The NYT Advises NJ on Debt and Taxation: Keep on Spending and Taxing

 

The New York Times—aka the Walter Duranty Papers[1]has an all-embracing and tortuous history of apologizing for Communism, lost politics relics from the socialist era, and maudlin  laments over lost taxes.  There is no substitute for socialism or one of its nastier congeners so today we are educated on the solution to New Jersey’s financial problems.

 

The Times and its satellite bankrupt ragzines cannot seem to correlate high taxation with the loss of business, fleeing citizens, debt and the rusting of societies. This is a mental disorder.

 

The chimes of times past ring from Maximum Tax John:

 

Gov. Jon Corzine wants to shore up his state’s troubled finances by sharply raising tolls. If he gets his way, the cost of driving most of the turnpike could eventually rise from $5.85 to $48, providing money for both debt reduction and public transportation.” [2]

 

An echo from the graveyard by Snake:

 

In 1993, Clinton campaign strategist James Carville announced that the off-year governor's race in New Jersey between incumbent Democrat Jim Florio -- who had raised taxes in 1989 -- and his challenger Christine Todd Whitman -- who called for a 30 percent across-the-board income-tax cut -- would be the burial ground of Republican advocacy of tax reduction.” [3]

 

This is typical of the form and substance of tautological howling we have learned to expect from the Times. High taxes are the only solution! Well, why not raise taxes in California and New Jersey and Michigan and bail out the auto business and heal the states?

 

Today we read:

 

It was only last year that Gov. Jon Corzine of New Jersey was calling for a major, and hugely unpopular, increase in turnpike tolls. …cut in half the state’s $30 billion budget shortfall, caused in large part by the underfunding of public-employee pension funds.”

 

Now Mr. Corzine is pushing a proposal that in the short term would make the pension problem worse. Unfortunately, given plunging revenues, he has no choice[4]NYT Editorial

Deeper in Debt Published: December 12, 2008 [All quotes references this link in this blog unless otherwise noted. [Emphasis is mine in all quotes.]

 

Let us see if the Times, near bankruptcy itself, can wonder if salaries for public employees are too high and that benefits are astronomical and that the ‘government’ in NJ is a joke in terms of efficiency.

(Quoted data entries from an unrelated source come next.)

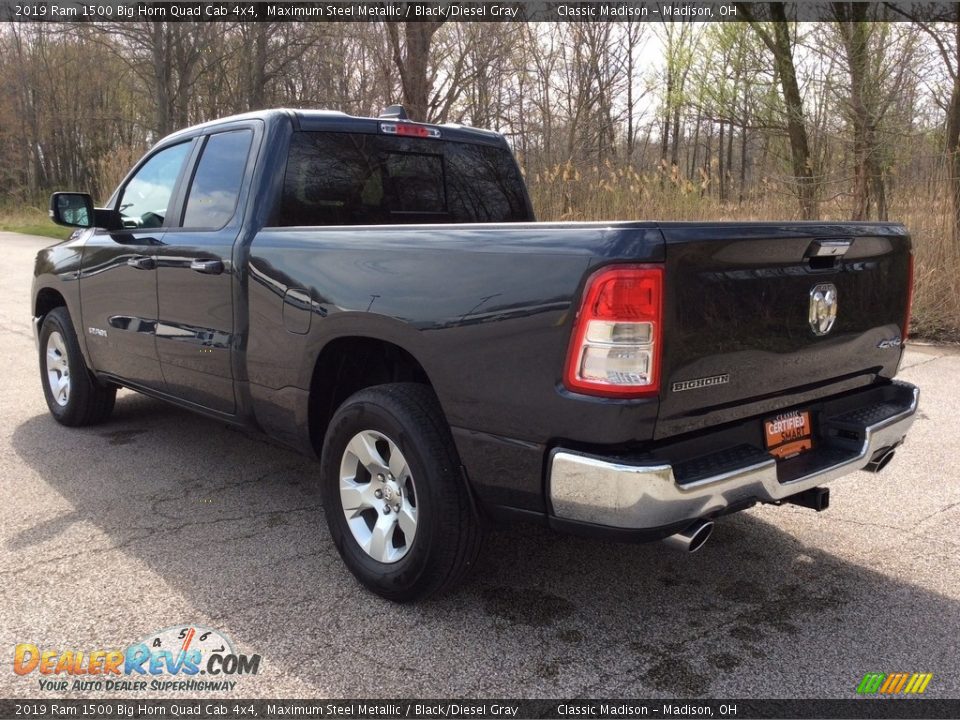 2019 Ram 1500 Big Horn Quad Cab 4x4 Maximum Steel Metallic / Black/Diesel Gray Photo #3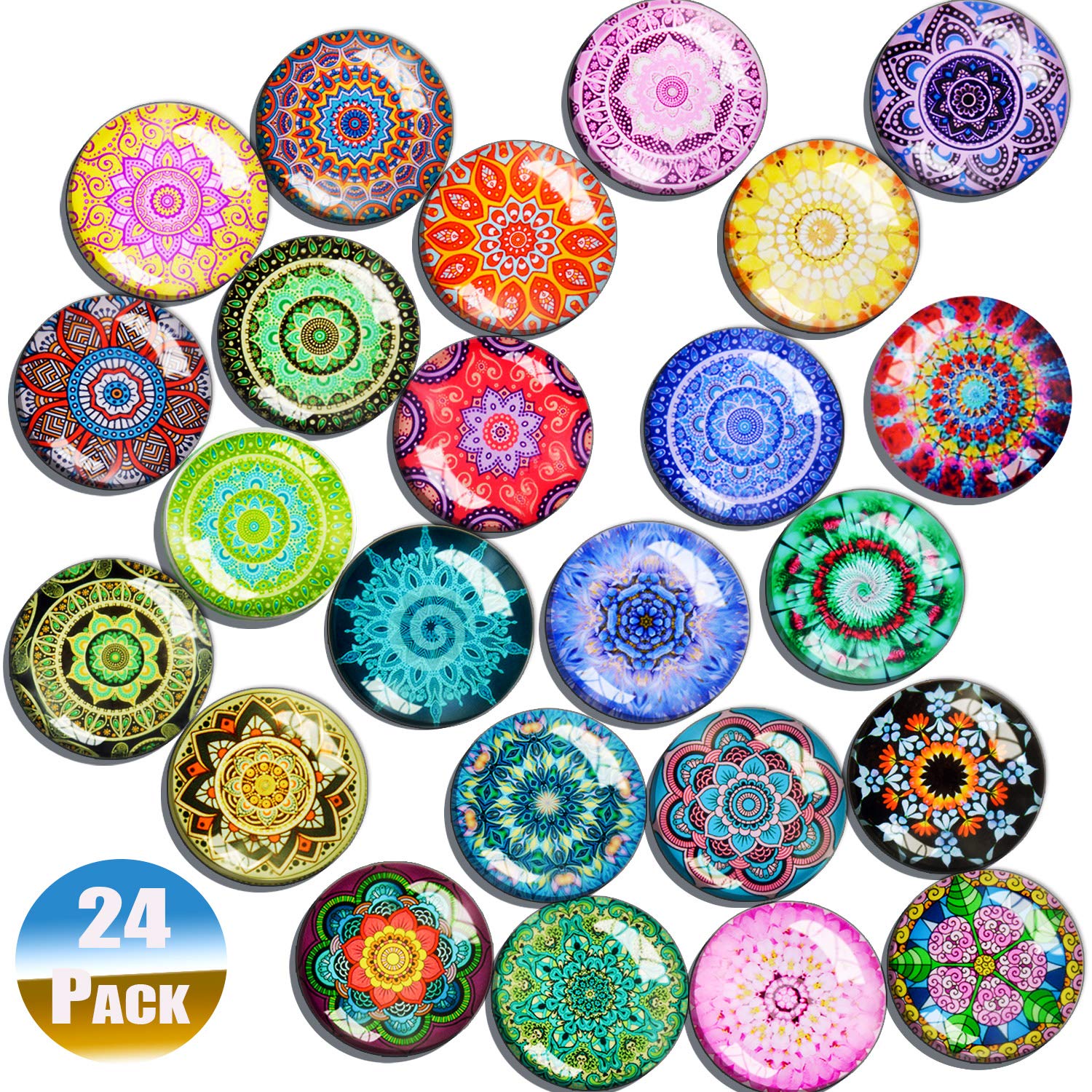 SOSMAR-24 Refrigerator Magnets - Decorative 3D Glass Fridge Magnets Notice Board Magnets with Mandala Patterns for Kid's Drawing, Magnetic Whiteboard, Photo, Map, Office Magnets (Round/ 30mm) — image 1
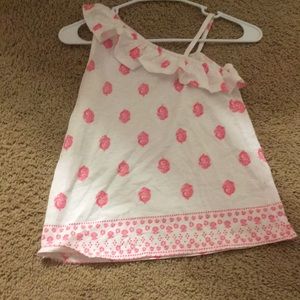 really cute girls tank top...It is pink and white.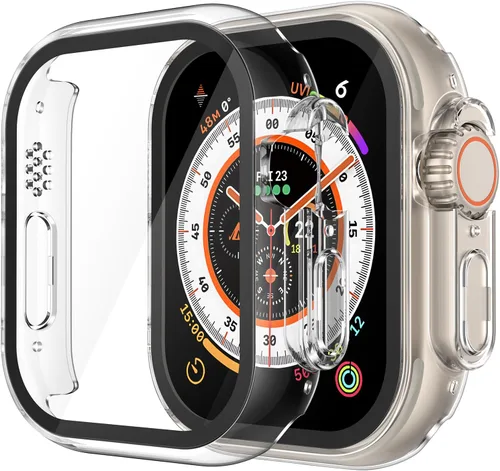 Vista 65 de Misxi Juego de 2 Fundas de Vidrio Templado Compatibles con Apple Watch Series 3 y Series 2 de 1.496 Pulgadas, Protector de Pantalla de Policarbonato
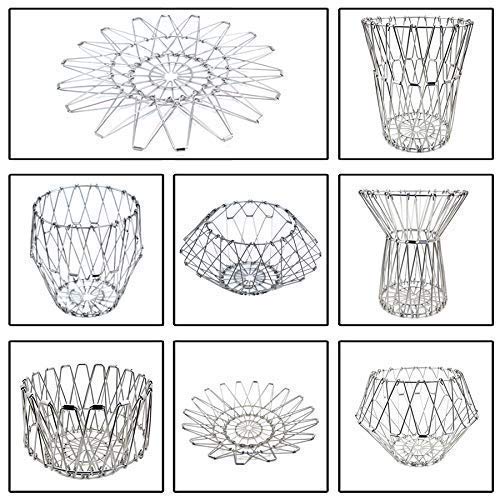 Modern chrome-finish foldable fruit basket adding a contemporary touch to home decor.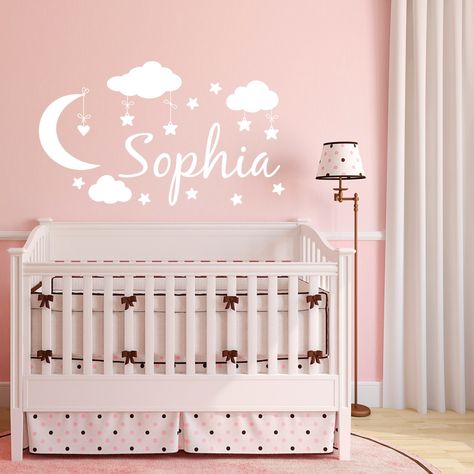 Nursery With Clouds, Moon And Stars Decor, Stars Decor, Unicorn Wall Decor, Bathroom Wall Decals, Butterfly Baby Shower Theme, Name Wall Stickers, Star Wall Decals, Cricut Baby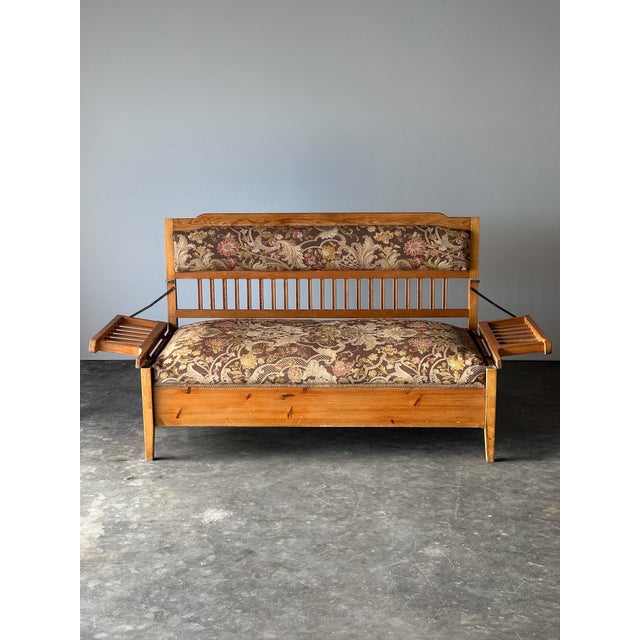 Pine Bench Fold-Out Daybed With Hidden Storage, Central Europe, 19th Century For Sale - Image 10 of 18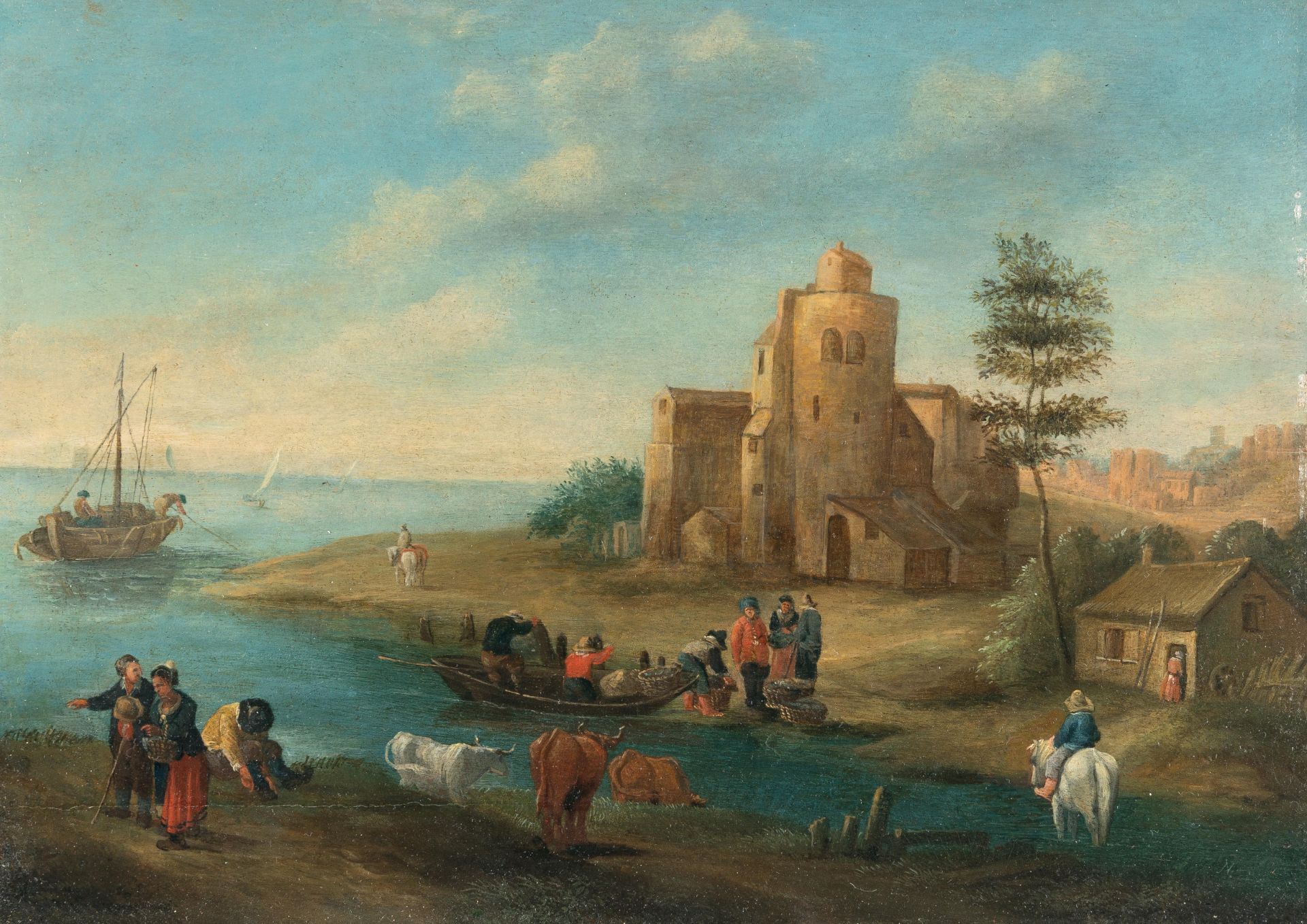 Theobald Michau (1676 Tournai - Antwerpen 1765) – Küstenlandschaft mit Fährboot und Staffagefiguren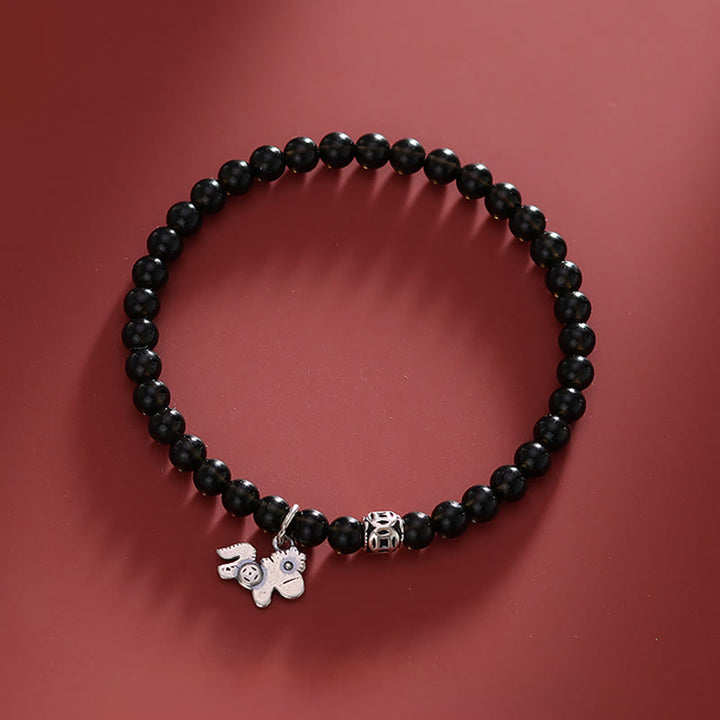 Pulsera de obsidiana negra natural de plata de ley 925 con Buddha Stones y año del caballo - image 8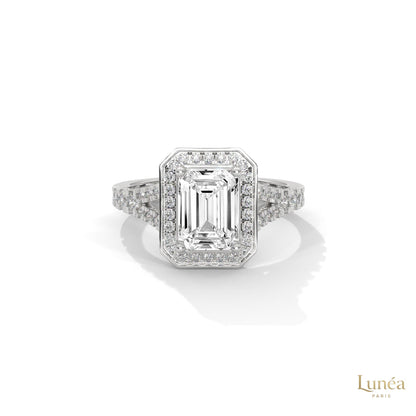 1.60 Ct. Emerald-Cut Halo Lab Diamond Engagement Ring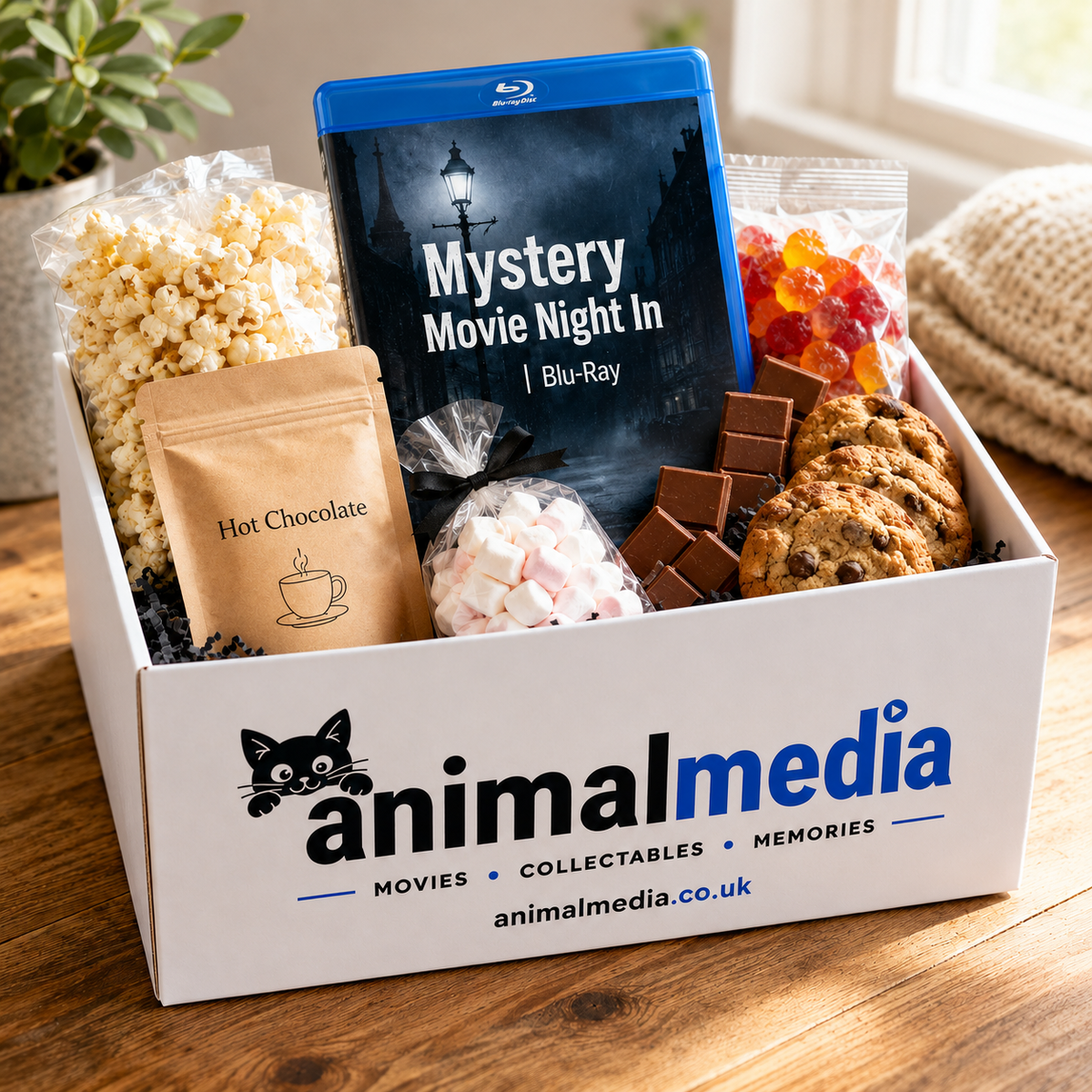 An Animal Media branded gift box filled with movie night treats, including a Blu-ray titled 'Mystery Night In', popcorn, hot chocolate, gummy candies, chocolate bars, and a chocolate chip cookie, set on a wooden table.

Most of this was obvious to me.[5]

 

New Jersey’s pension debacle dates back to the late-1990s when the state stopped contributing to the funds entirely and used the money for operating costs. Politicians told themselves that the funds’ investments in an ever-rising stock market would make up the difference, and they did — until the market dropped a few years later. This fall the funds took another major blow, losing more than a quarter of their value.”

 

And the pensions:

 

We agree with Mr. Corzine that large property-tax increases would strain many homeowners already struggling to pay their mortgages, which could lead to additional foreclosures. He is right to require towns to resume their full pension payments in 2012 when the economy, presumably, will be stronger than it is now.”

 

The state will also have to further increase the turnpike tolls, with the added revenue going to the pension funds. Without tough, and politically difficult policies, New Jersey will never dig out of its debt.”

 

Not a hint about the unions giving anything in salaries and benefits!  The stogy stance of the unions just killed off the Detroit Bailout deal last night. The UAW would NOT agree to any concessions![6] No layoffs or trimming down on their phony social programs?

 

No givebacks No way No how.  And support from their bribees:

 

Senator Debbie Stabenow (D-Mich.) took a harsh and emotional tone with Republicans who voted against the bill. "Evidently the only thing that matters to those on the other side of the aisle is that workers make too much money," she said.”[7]

 

This is just the beginning. The politicians are spoon-fed by crooked greedy unions who have their claws and fangs fixed securely in many American businesses. They have the mentality of a ghoul. Those CEOs and boards who must deal with these unyielding Neanderthal parasites must think about shutting down their businesses and moving off shore or getting into something else.

 

There is no hope given the attitude 0f the unions and their stooges at the New York Times.

 

CA is next and they are hopelessly buried in unionism and EcoNazism. They could consume over 150 bln a year in handouts, some 1% of what used to be our GNP.

 

But, in a last moment’s insanity, the Idiot Bush, a loser like his stupid father, might get some money to waste in the bailout. [8]

 

Grunt and Grab

 

rycK

 

Comments to: ryckki@gmail.com

 



[1] In honor of that celebrated Communist stooge and liar and winner of the Pulitzer Prize for the NYT. The color RED is used in my essays in honor of Walter Duranty, a saint, if there could be one, in the Marxist Archives of Honor.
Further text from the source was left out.